But information is not food. You can eat too much, but you cannot know too much. And you certainly do not “consume” information. After learning some information, it is not spend and forever gone, you can revisit the very same information time and again, gaining more insight every time.

Books and (non-)linear thought

Both TV and the Internet have been blamed for the low number of people that read books. This criticism implies that this is bad for these people and for society. I will not contest one way or another whether or not reading books is good for society. The point is, in the whole of history, only a minority read books for pleasure. But now the accusation has been leveled that the always-on connectivity of the Internet and mobile phones threatens the intellect of our children (again?).

I would like to quote Steve Vosloo when he summarizes the views of Nick Carr from The Shallows:

In The Shallows: What the Internet Is Doing to Our Brains, author Nick Carr asserts that human memory works best when it encounters ideas in a linear way, such as when a concept is explained in a way that logically builds out an idea, with each new layer of explanation resting on the layers before it and adding to the whole, coherent idea. And further, that focus — free of distractions — is essential for the mind to deep learn in this encounter with a developing idea. This kind of focused, linear idea-building often happens when engaging an educational book. The reader starts on page one and ends at page whatever; a clear path from start to finish — no distractions, no hyperlinks taking the mind off the matter at hand.

Nick Carr then links these ideas to neural plasticity and the way the brain works. This view on (educational) books is a peculiar one. Because, it again views mental interaction with a medium, here reading a book, as a kind of consumption. Like if you “eat” your way through the book.

Although it is true that we tend to read through a book from page to page, front to back, this is not the whole story. First, with educational books this is the exception, instead of the rule. I cannot remember having ever read a school text book from cover to cover. But more important, I have never read a book in one single, uninterrupted session, except when it was very, very short. Often I read a book over days or even weeks or months.

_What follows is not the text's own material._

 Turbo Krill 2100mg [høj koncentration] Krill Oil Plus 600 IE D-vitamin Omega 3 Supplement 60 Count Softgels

Each time I start again, I do remember where I left of in the story or train of thoughts. This is what every reader does without problem.

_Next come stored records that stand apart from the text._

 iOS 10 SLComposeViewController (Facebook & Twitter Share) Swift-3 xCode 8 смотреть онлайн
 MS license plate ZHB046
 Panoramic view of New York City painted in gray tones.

This reading in installments has been part of book publishing itself. Serialized books are very common, from the archetype of the oral “Arabian Nights”, with its 1001 nightly cliffhangers to “The Pickwick Papers” and the “Count of Monte Cristo” all over to the seven parts of “Harry Potter” published over a period of almost a decade. Interruption is the rule in book reading, not the exception. And only the simplest of children’s book are linear in structure. The plot lines of books are more like a river system with many sub-plot lines coming together in ever larger flows. In argumentative and educational texts this is not different. Many strands of reasoning are tied together to get to the point, if there is a point.

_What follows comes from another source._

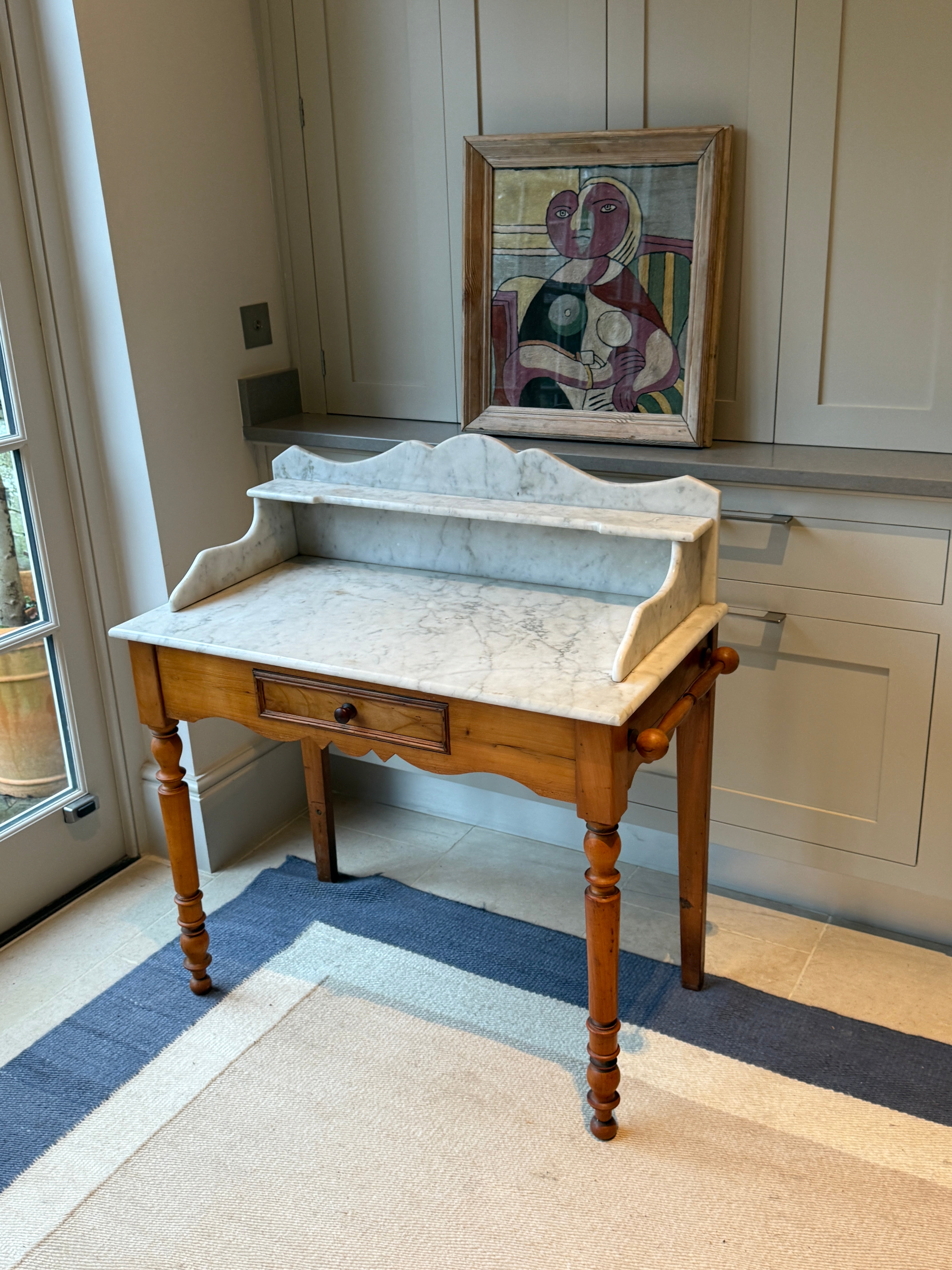 Pine Washstand with White Marble Top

Note also that there is a literary genre of published correspondence, more like correspondence chess. Each publication is a turn in a game of conversation. This genre is still alive in learned and scientific journals. It is not that one book or letter leads to one idea or insight. But ideas are developed over time in a tight interaction of publications. Conversations come in book sizes because of limits of technology. We would be better off if we were able to get the original conversations back. Conversations with all their non-linear and complex interconnections.

In books and articles, references are used as a prosthesis for these intricate connections.  Hypertext was just what was needed to recreate the connections between thoughts and arguments. Nowadays, articles are published on-line with the sources and references directly linked. You see this in this ETD discussion. In the previous paragraph, I could have added a footnote after describing a view on the development of ideas. I did not think of this view myself.

The footnote would point to a reference where this idea is developed and explained. The Wikipedia article about this contains links to other relevant references, on-line and off-line. And so on. Would this bother any of you? Normally, I am not very much distracted by such a footnote-with-link. In general, I visit such footnotes and links only during second or later readings. Or if it concerns something I find particularly interesting.

And with the Internet, and mobile phones, we finally go back to the original form of the formulation and development of ideas as it was practised by the likes of Socrates: (almost) real time conversations between author and reader, speaker and listener, where the discussions in the comments section can be more interesting and thought provoking than the original article. These conversations come naturally to readers, as the wealth of blog comments and things like the m4Lit mobile phone project show. See the ETD articles by Marion Walton and Steve Vosloo.

So, I disagree with Nick Carr. I do not think books are straight, direct, and uninterrupted roads to ideas and insights. In my view, books are, at times convoluted, episodes in long running conversations with intricate relations between the episodes. Hypertext is a good tool to make these relations explicit. And readers only gain from seeing them in their face.

I think that the real problem Nick Carr is referring too, distraction and lack of focus, is not about the structure of information, or information overload. These problems have more to do with noise and learning to chose, select, and concentrate. These problems would not go away if the Internet goes away. We had the same complaints earlier about TV shows and MTV culture. This is simply a matter of adaptation to noise. And people can adapt to a lot of noise.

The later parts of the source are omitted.